All Falls Down: Community members feel both positive, negative effects of government shutdown, resulting domino effect

February 22, 2019

Last month, junior Korryn Reichard walked into her SRT room to grab her things, talking with her friends as they exited. While Reichard was at school, her father went to work but was not receiving a paycheck. Reichard’s father is a federal employee, and last month, he worked for 35 days without pay during the government shutdown. Reichard said due to the shutdown, it became difficult for her family to do things they would normally be able to do.

Veronica Teeter
FAMILY TIME:
Junior Korryn Reichard talks with her family after school. Reichard said because of the government shutdown, they were not able
to spend as much time with her dad.

“We aren’t able to do as much as we want to, which is hard because I have three siblings,” Reichard said. “There’s a lot of us and there’s a lot of activities we do that my mom has to pay for. It’s also kind of annoying because my dad (was) gone a lot, so he’ll be gone the entire time, but he (was) not being paid for being gone. So, we lose family time, too.”

The latest government shutdown—the longest one in history—caused nine federal departments and agencies to cease activity for 35 days due to a lack of funding. However, it affected more than just those employees, as shown by Reichard’s situation.

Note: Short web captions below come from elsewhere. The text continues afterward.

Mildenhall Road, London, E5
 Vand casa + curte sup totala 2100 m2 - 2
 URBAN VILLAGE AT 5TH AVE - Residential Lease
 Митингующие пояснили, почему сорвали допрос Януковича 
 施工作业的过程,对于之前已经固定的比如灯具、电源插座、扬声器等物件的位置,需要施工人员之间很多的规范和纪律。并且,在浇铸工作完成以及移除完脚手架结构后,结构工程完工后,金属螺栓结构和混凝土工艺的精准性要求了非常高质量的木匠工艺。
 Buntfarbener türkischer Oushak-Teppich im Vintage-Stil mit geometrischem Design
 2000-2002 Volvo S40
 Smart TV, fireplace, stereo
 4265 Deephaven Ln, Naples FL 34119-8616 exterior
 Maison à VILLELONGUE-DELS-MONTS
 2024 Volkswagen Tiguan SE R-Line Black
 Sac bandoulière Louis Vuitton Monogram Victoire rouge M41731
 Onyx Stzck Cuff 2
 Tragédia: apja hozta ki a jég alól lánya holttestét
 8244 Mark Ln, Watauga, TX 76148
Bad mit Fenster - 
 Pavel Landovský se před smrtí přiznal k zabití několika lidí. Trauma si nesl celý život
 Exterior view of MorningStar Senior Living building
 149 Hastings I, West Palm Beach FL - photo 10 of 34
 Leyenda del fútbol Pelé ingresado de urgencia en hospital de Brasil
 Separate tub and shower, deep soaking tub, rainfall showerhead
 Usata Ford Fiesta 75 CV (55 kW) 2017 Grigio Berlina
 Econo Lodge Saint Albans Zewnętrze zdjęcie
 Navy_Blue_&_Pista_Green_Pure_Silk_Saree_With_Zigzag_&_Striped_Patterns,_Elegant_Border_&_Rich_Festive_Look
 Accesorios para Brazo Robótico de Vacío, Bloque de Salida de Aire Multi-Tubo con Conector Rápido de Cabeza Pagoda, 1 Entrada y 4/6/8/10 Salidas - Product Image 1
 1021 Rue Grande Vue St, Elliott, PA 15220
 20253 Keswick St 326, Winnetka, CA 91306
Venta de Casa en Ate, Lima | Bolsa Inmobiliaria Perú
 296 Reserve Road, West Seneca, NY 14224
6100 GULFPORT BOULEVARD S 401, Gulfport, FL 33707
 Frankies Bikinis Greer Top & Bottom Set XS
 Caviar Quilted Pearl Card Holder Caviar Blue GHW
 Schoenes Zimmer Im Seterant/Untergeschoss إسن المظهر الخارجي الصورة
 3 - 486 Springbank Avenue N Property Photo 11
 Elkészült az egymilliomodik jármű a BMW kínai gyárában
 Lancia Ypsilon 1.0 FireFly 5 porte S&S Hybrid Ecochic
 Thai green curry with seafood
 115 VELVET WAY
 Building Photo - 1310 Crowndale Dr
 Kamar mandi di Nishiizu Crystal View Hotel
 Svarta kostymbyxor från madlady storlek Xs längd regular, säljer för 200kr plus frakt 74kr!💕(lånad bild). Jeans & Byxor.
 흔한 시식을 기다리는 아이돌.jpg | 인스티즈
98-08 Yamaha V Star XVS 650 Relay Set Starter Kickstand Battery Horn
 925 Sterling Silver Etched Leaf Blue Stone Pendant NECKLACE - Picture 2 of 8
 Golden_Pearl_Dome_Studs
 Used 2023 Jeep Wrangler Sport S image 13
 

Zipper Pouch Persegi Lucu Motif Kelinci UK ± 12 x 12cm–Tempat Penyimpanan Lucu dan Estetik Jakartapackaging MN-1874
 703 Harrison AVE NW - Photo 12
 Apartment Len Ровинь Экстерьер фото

In other words, it created a “domino effect.” The Cambridge Business English Dictionary states that the domino effect is a “situation in which one event causes a series of related events, one following another.” Once one domino falls, the rest behind it fall. One immediate effect of the government shutdown was that 800,000 federal employees had their paychecks withheld, which led to a reduction in quarterly economic growth by 0.13 percent for each week of the shutdown, according to The New York Times. Government teacher Michael O’Toole said these two effects go hand-in-hand.

“In the short run, the people that weren’t getting paid—approximately 800,000 to one million—they aren’t spending their money, which that’s how the economy works: by people continuing to spend,” O’Toole said. “In the short run, it could’ve had ripple effects in groceries, in car payments, in mortgage payments. While if people had to take out loans or ran out of savings, it could have a longer-term effect on the economy.”

The domino effect can also have positive repercussions as well. Both of junior Taylor Carlson’s parents are federal employees, and although they had a trust fund to fall back on during situations like the shutdown, their neighbors were there to provide help.

“I do know that usually when we use the trust fund—it’s happened a few times before—our neighbors help out, especially with buying groceries and paying for gas,” Carlson said. “Being able to adjust to whatever situation you’re being put in, for families like mine and others that can’t really help it, there are ways that you can still function normally. There are other people you can count on, too.”

In addition to individual contributions, some businesses worked to help during the shutdown. Pizzology’s owner Neal Brown decided to give free food to those affected by the shutdown, and that decision, according to Carlee Hunter, assistant manager at Pizzology, caused others to join in.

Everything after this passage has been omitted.